By Craig Freudenrich, Ph.D. and John Fuller
Freudenrich, Ph.D., Craig, and John Fuller. "How Nuclear Bombs Work." 05 October 2000. HowStuffWorks.com. 26 February 2010.
Nuclear bombs involve the forces that hold the nucleus of an atom together, especially atoms with unstable nuclei. There are two basic ways that nuclear energy can be released from an atom. The first is nuclear fission, in which the nucleus of an atom is split into two smaller fragments and a neutron. The second method is nuclear fusion, in which two small atoms, usually hydrogen or its isotopes (deuterium, tritium), fuse together to form a larger one (helium or helium isotopes). Earth's sun produces energy through nuclear fusion. In either process, fission or fusion, staggering amounts of heat energy and radiation are given off.
To build an atomic bomb, you need a source of fissionable or fusionable fuel, a triggering device, and a way to allow the majority of fuel to fission or fuse before the explosion occurs so that the bomb doesn't fizzle out.
Fission bombs use uranium-235 as fuel. Uranium is the heaviest naturally occurring element on Earth, and it has two isotopes - uranium-238 and uranium-235, both of which are only barely stable because they have very high numbers of neutrons. U-235 is one of the few materials that can undergo induced fission. Instead of waiting more than 700 million years for uranium to decay naturally, the element can be broken down much faster if a neutron collides with a U-235 nucleus. The nucleus will absorb the neutron right away, causing it to become unstable and split. As soon as the nucleus captures a neutron, it splits into two lighter atoms, and emits two or three new neutrons. These two new atoms emit gamma radiation while they are settling into their new states. When a fission bomb is working properly, more than one neutron ejected from each fission causes another fission to occur in a chain reaction.

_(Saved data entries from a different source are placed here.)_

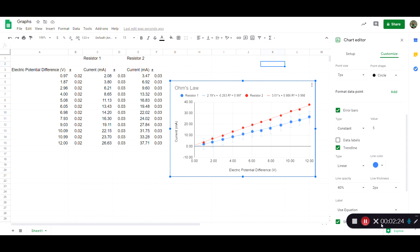Okay so that's how to do trendline and error bars using Google Sheets. Thanks for watching.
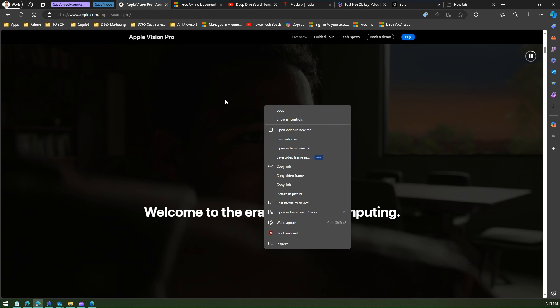But it is good to know that Edge provides those functionalities so that you can download a specific segment of video if it is required. That's it for this, it's all about save video functionality within Microsoft Edge. Thanks for watching.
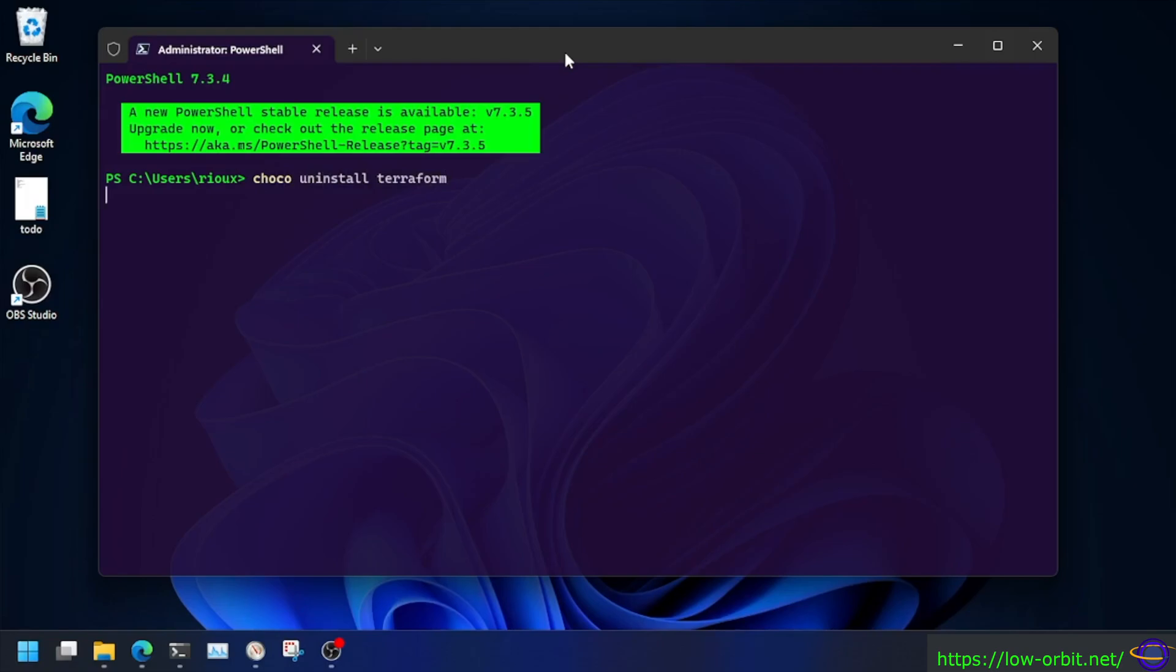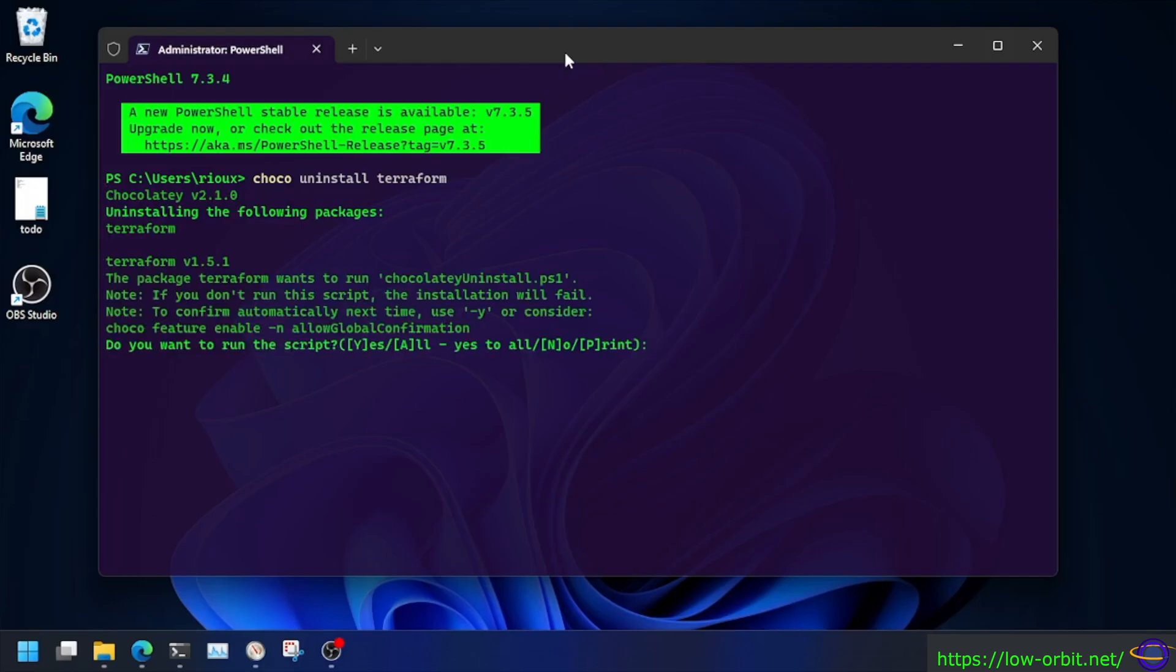We're going to wait here just a minute. This particular laptop is a little slow, but moving right along here. There we go. Now we're going to say yes.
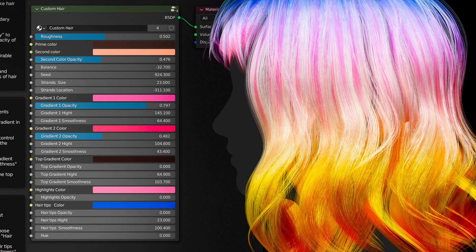Thank you for watching. Hope you like this material — feel free to experiment with the sliders, come up with new ideas, and I hope you get some interesting and stunning results.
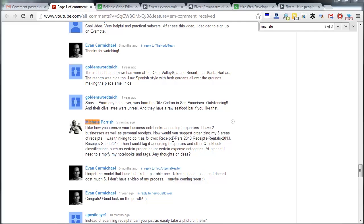So the question that came from Michelle was, how would you suggest organizing my three areas of receipts? I was thinking to do as follows: Personal receipts 2013, personal rentals 2013, personal or whatever sand receipts 2013 and then tag it. I need to simplify my notebooks and tags. Any thoughts or ideas?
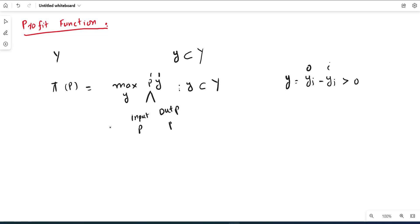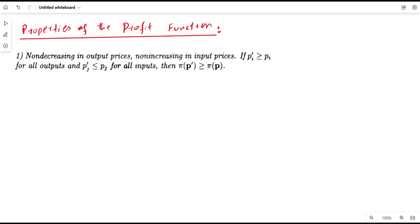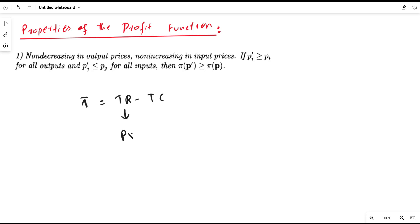This profit function has many useful properties. Let us discuss these properties one by one. The first property of the profit function is: profit is non-decreasing in output prices and non-increasing in input prices. To understand this, let us use the definition of profit. Profit is equal to the difference between total revenue and total cost. Total revenue is given by output price multiplied by quantity.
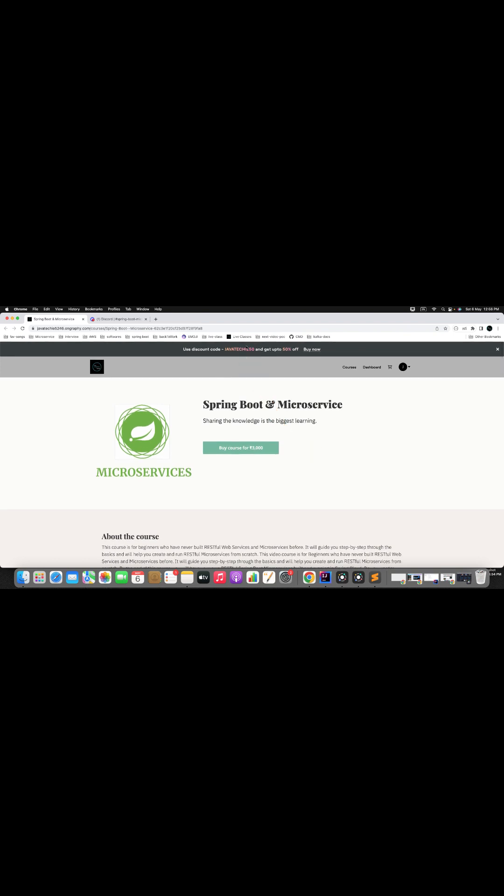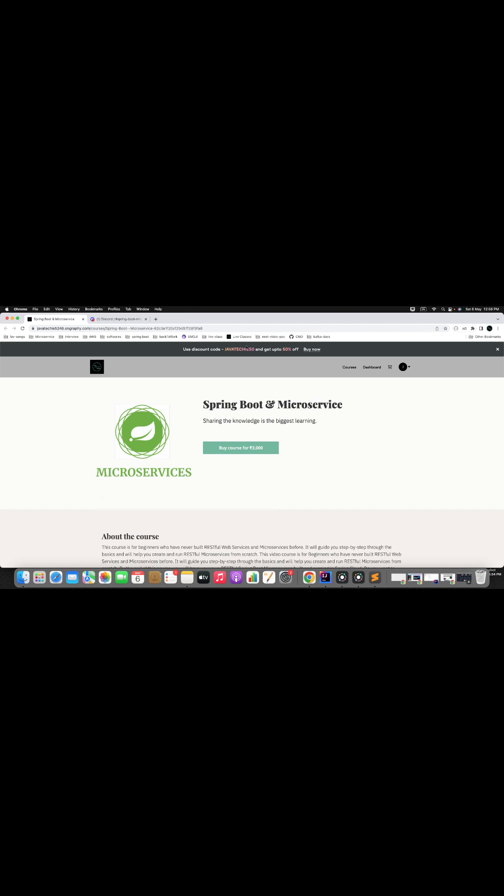If you have any further concerns regarding the course, then feel free to reach me on my email ID javatech4you@gmail.com. Thank you.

Fusion bombs, also called thermonuclear bombs, have higher kiloton yields and greater efficiencies than fission bombs. To design a fusion bomb, some problems have to be solved. The fuels used for fusion, deuterium and tritium, are both gases, and are difficult to store. Tritium is scarce and has a brief half-life, so the fuel would have to be continuously replenished. The fuel, whether deuterium or tritium, must be highly compressed at a high temperature to initiate the fusion reaction.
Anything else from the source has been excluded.